When I’ve done great things in the past it’s been because I took a chance. That’s when I exceeded my expectations. If I could do it over again, I wouldn’t change anything. I had to take chances.
The frustration of repeated mediocre performances was starting to mount. I couldn’t hold it together. I returned to the warm-up area. When I saw Ben, I started crying.
“I’m so tired of ‘okay,’” I told him. “‘Okay’ isn’t good
enough.”
I wasn’t performing terribly. I just couldn’t put it all together. My plan wasn’t panning out how it usually did. I wasn’t on fire like I normally was. I expected excellence of myself, but instead the theme of the 2017 Games was “meh.”
In 2015 and ’16, I would go without thinking. I got out of my head and into the competition. I would take a chance in events and things would fall into place. I was constantly performing well and exceeding my expectations. I was in the zone. This year in Madison everything was just “okay.” I wanted my spark back.

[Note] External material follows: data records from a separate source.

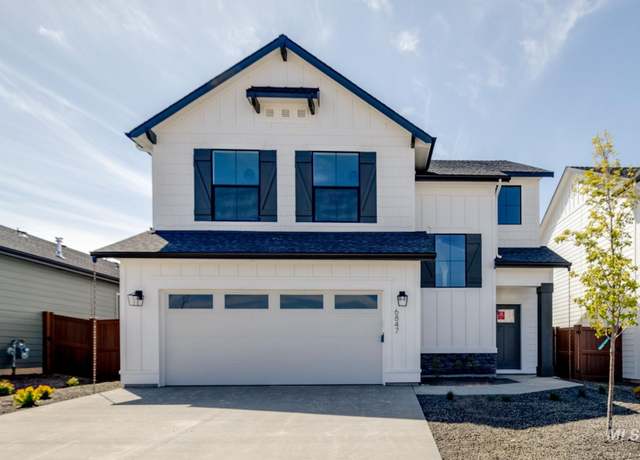 Property at 6847 W Riverwood St, Boise, ID 83709, 3 beds, 2.5 baths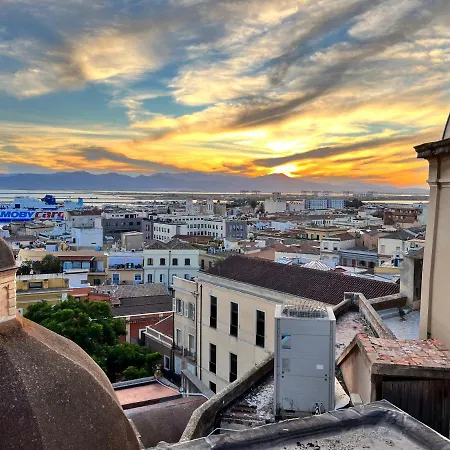 Centro Storico Via Manno *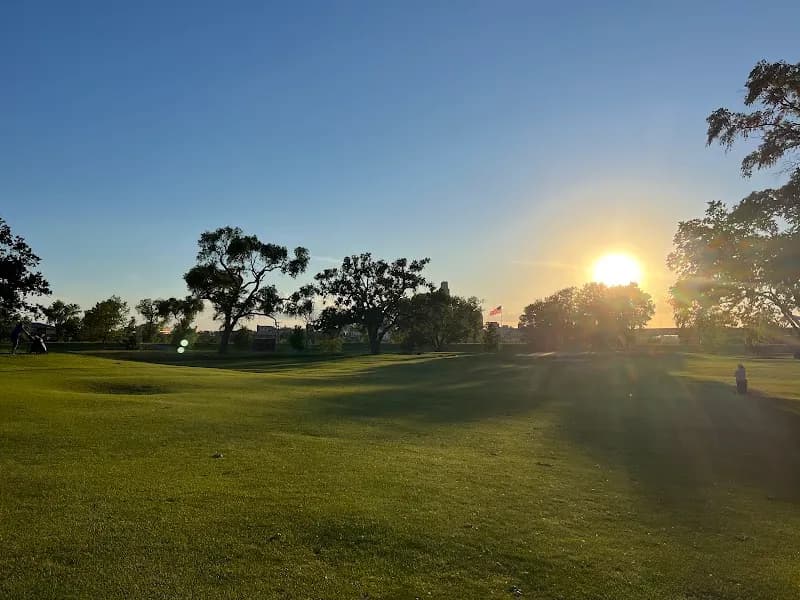View of Dodge Riverside Golf Club in Council Bluffs, IA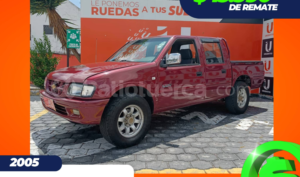 foto de Autos marca Chevrolet seminuevo modelo LUV V6 CD año 2005 en Quito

Ben was speechless. I was right and there was nothing to say.
17
THE TIGER EATS THE DEER
TÍGURINN BORÐAR DÁDÝRIÐ
God, grant me the serenity to accept the things I cannot change, courage to change the things I can, and wisdom to know the difference.
—“SERENITY PRAYER,” OFTEN ATTRIBUTED TO REINHOLD NIEBUHR
Waking up the day after the Games is like waking up in a silent, lonely room the day after your birthday party. The noise, the decorations, and the people are all gone. It’s normal for me to feel lost and a little down during this time. Athletes can commiserate. The Games is such a focal point in our year and the week is so intense. And what goes up must, of course, come down.
This was different. I was in shock. Questions rattled around my brain, and I didn’t have answers for them. I was as good this year as I had ever been. I had avoided huge mistakes. Why had I gone so slow? Where was the next gear? I was physically and mentally solid, yet I had proceeded cautiously on nearly every event. I overstrategized and overpaced. I tried to do everything so right instead of letting myself compete. I was less upset about my placement. That had something to do with it, of course, but the cracks that appeared in my mental foundation had been there before the competition even began. That was what was troubling me.